- _RECORDED INFORMATION_:
========

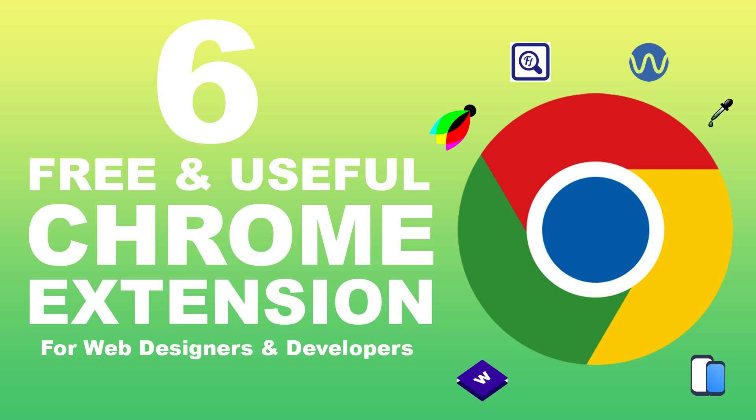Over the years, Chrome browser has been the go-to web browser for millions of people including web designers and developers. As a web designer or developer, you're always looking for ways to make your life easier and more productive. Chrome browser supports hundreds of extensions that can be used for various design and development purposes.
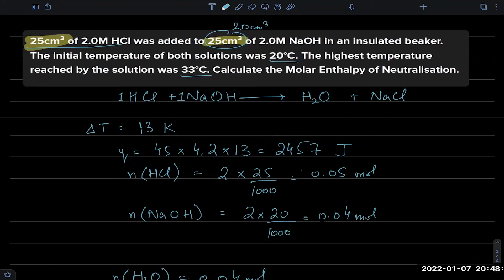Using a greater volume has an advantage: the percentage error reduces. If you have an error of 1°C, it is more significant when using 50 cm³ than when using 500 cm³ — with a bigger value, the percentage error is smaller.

========

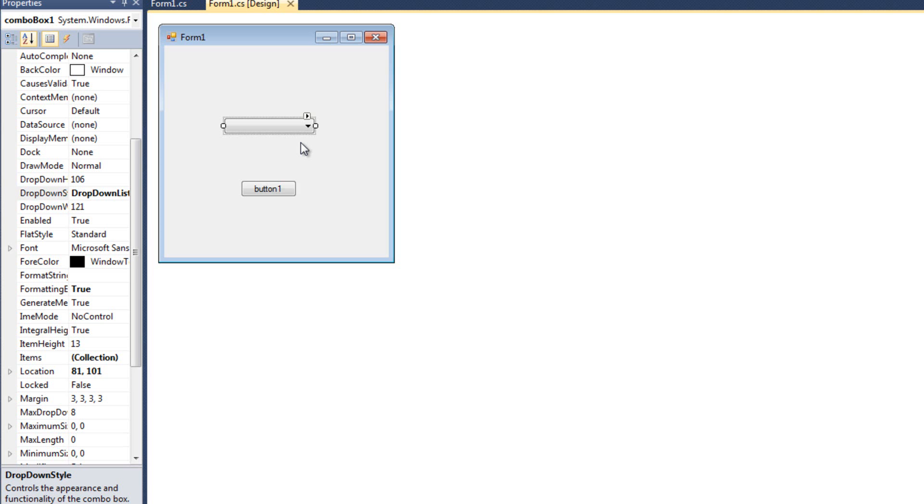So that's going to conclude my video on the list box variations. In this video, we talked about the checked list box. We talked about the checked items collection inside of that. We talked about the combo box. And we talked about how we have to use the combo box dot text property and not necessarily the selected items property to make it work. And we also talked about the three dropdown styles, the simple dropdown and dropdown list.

========

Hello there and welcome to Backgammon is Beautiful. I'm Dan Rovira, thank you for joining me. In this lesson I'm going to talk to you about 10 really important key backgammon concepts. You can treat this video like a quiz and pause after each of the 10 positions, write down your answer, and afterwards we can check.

========

- _EXERCISE DETAILS_: Exactly as written above, retype the lines starting at the one holding "Over the years, Chrome" and ending at the one holding "Using a greater", both included, but not the pictures.

- _ANSWER BELOW_:
Over the years, Chrome browser has been the go-to web browser for millions of people including web designers and developers. As a web designer or developer, you're always looking for ways to make your life easier and more productive. Chrome browser supports hundreds of extensions that can be used for various design and development purposes.
Using a greater volume has an advantage: the percentage error reduces. If you have an error of 1°C, it is more significant when using 50 cm³ than when using 500 cm³ — with a bigger value, the percentage error is smaller.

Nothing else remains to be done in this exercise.